:: Your task ::
Could you output, word for word, only the lines from the line with "Transparent Financial Reports" to the end of the entries, including both ends? Omit the pictures.

Segment Start: Material to process

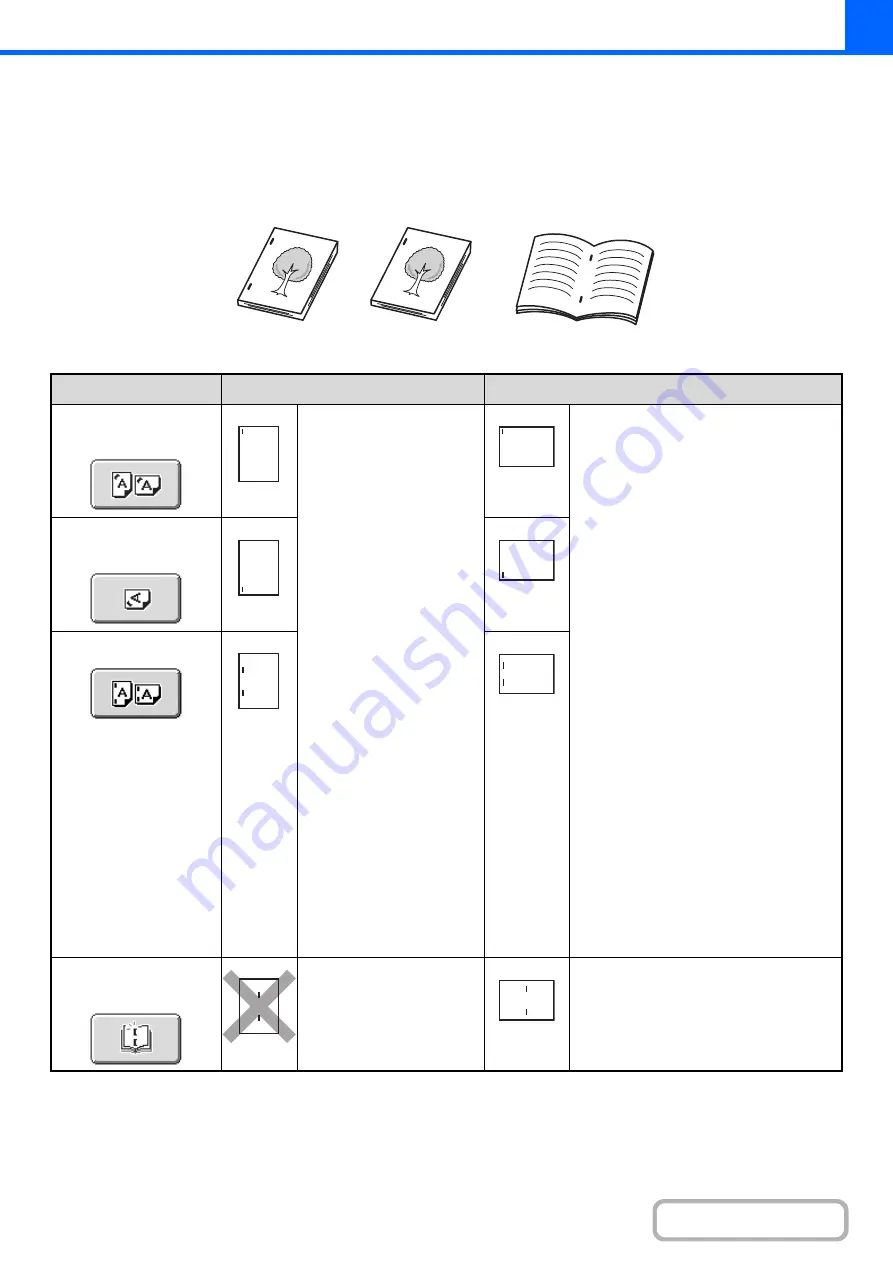 Sharp MX-4100N Operation Manual Download Page 157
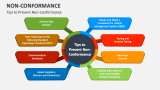Tips to Prevent Non-Conformance - Slide 2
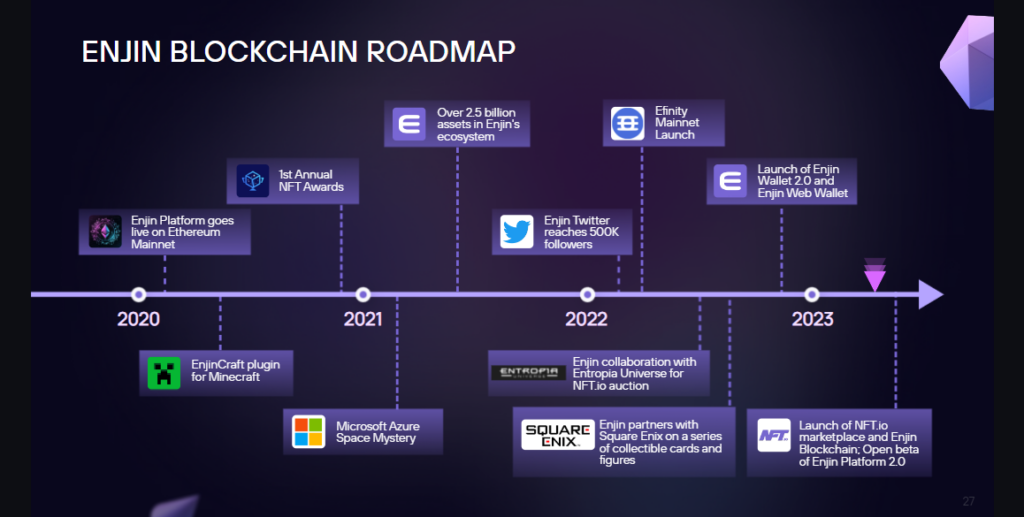 Roadmap 2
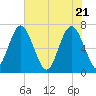 Eagle Neck South tide chart for Friday, May 21, 2021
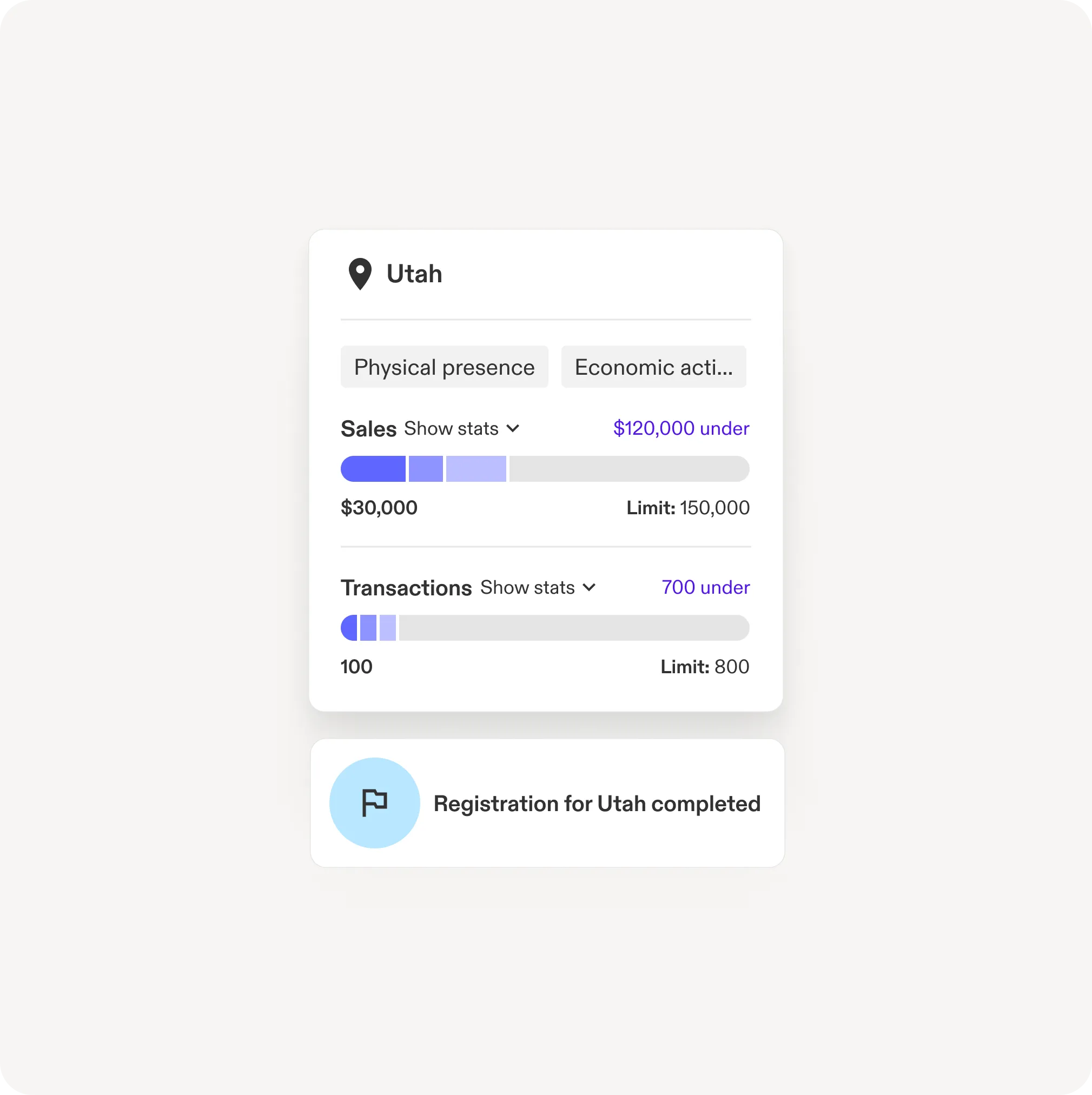 Swap dashboard automating nexus tracking, state registration and sales tax filing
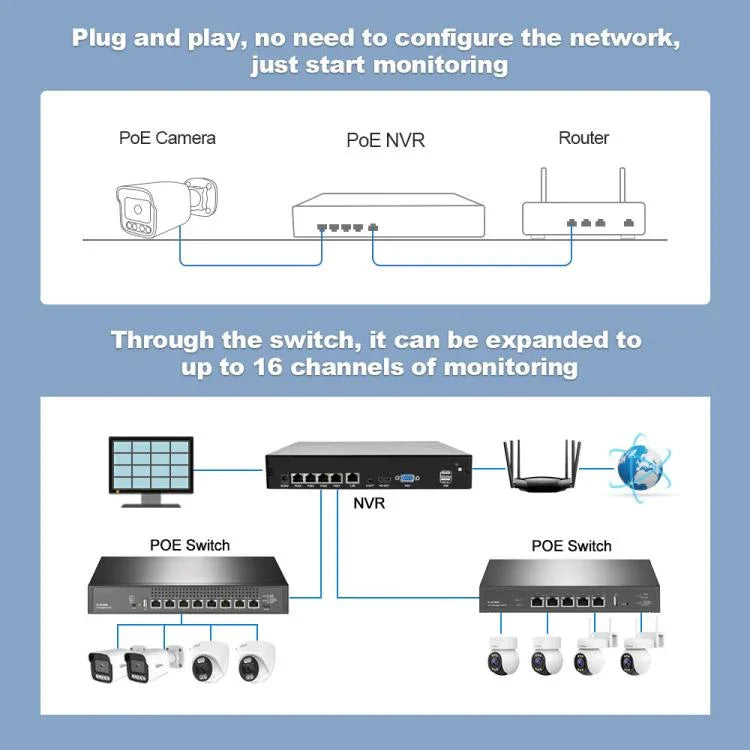Bộ đầu ghi video mạng camera POE 4 kênh HD 3MP SriHome NVS005-POE065, 3MP 4 kênh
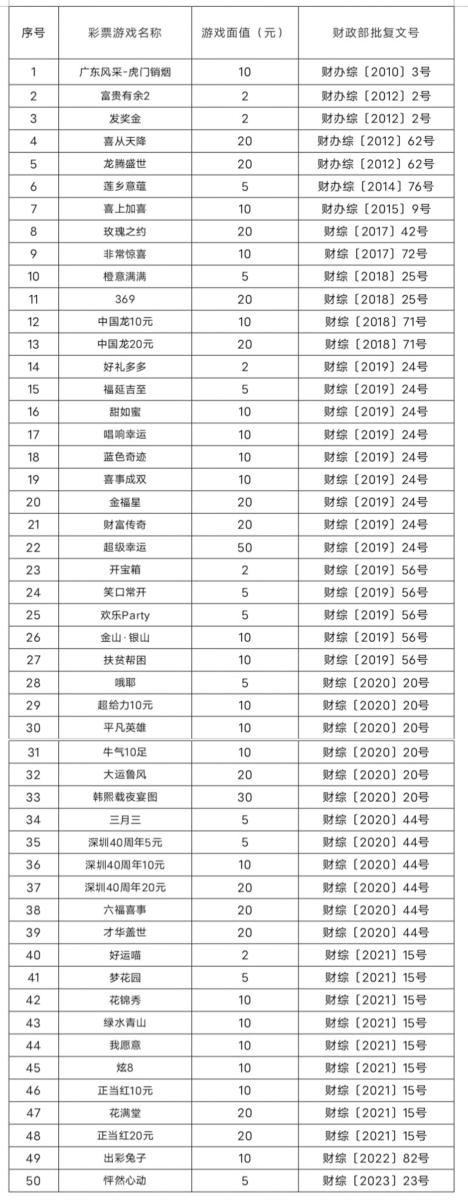 停止销售清单.jpg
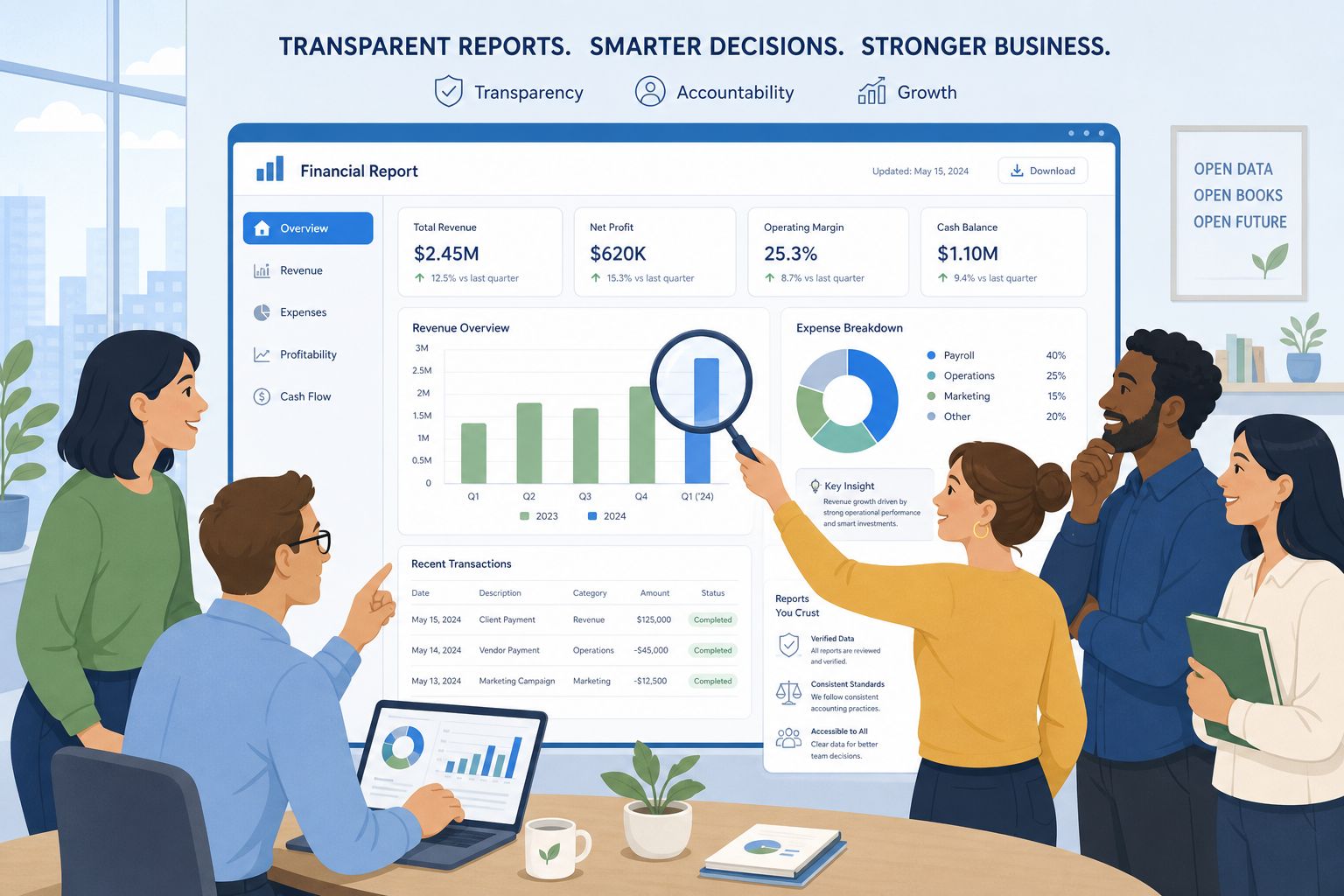 Transparent Financial Reports — Data-Driven Management Illustration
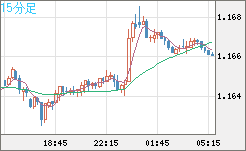 ユーロ/米ドルチャート（EUR/USD）15分足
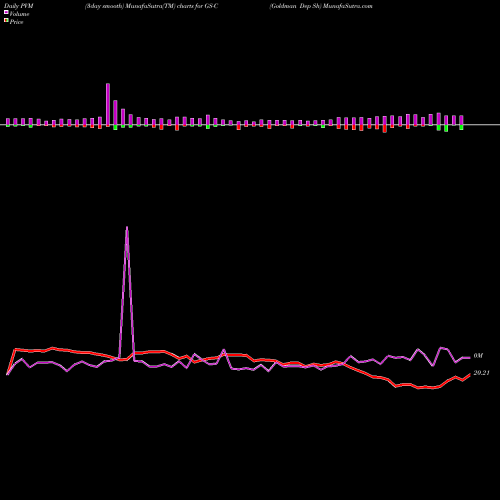 PVM Price Volume Measure charts Goldman Dep Sh GS-C share NYSE Stock Exchange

Segment End: Material to process

:: Answer to the exercise ::
 Transparent Financial Reports — Data-Driven Management Illustration
 ユーロ/米ドルチャート（EUR/USD）15分足
 PVM Price Volume Measure charts Goldman Dep Sh GS-C share NYSE Stock Exchange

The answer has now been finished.